Data entries:
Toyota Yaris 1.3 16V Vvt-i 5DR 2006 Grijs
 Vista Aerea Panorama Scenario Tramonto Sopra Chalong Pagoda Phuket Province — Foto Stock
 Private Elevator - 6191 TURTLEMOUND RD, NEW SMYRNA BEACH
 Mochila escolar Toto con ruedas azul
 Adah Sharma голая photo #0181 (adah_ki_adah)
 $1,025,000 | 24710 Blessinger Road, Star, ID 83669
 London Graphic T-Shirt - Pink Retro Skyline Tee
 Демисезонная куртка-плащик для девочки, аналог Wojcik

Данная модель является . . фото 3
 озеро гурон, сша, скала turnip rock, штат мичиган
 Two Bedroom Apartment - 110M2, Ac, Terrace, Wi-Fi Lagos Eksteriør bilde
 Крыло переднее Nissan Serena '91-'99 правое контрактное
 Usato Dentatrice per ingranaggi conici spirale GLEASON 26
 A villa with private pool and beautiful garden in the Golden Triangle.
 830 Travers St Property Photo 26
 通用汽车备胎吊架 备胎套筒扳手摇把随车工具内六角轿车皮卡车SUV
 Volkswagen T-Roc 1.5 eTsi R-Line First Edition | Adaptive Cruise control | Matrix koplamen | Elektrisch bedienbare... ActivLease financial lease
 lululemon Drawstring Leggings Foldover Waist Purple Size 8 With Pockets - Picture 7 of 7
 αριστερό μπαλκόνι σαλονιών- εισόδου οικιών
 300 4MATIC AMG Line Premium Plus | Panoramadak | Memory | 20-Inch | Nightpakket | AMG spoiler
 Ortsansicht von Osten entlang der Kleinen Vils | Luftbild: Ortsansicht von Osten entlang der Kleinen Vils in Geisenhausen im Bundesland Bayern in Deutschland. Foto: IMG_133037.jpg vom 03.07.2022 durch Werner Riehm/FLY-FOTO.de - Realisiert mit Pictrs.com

Task brief: Both the line containing "830 Travers St Property Photo 26" and the line containing "αριστερό μπαλκόνι σαλονιών- εισόδου οικιών" belong in the answer. Print them and every line above that falls between them exactly, and no others.

Exercise result:
 830 Travers St Property Photo 26
 通用汽车备胎吊架 备胎套筒扳手摇把随车工具内六角轿车皮卡车SUV
 Volkswagen T-Roc 1.5 eTsi R-Line First Edition | Adaptive Cruise control | Matrix koplamen | Elektrisch bedienbare... ActivLease financial lease
 lululemon Drawstring Leggings Foldover Waist Purple Size 8 With Pockets - Picture 7 of 7
 αριστερό μπαλκόνι σαλονιών- εισόδου οικιών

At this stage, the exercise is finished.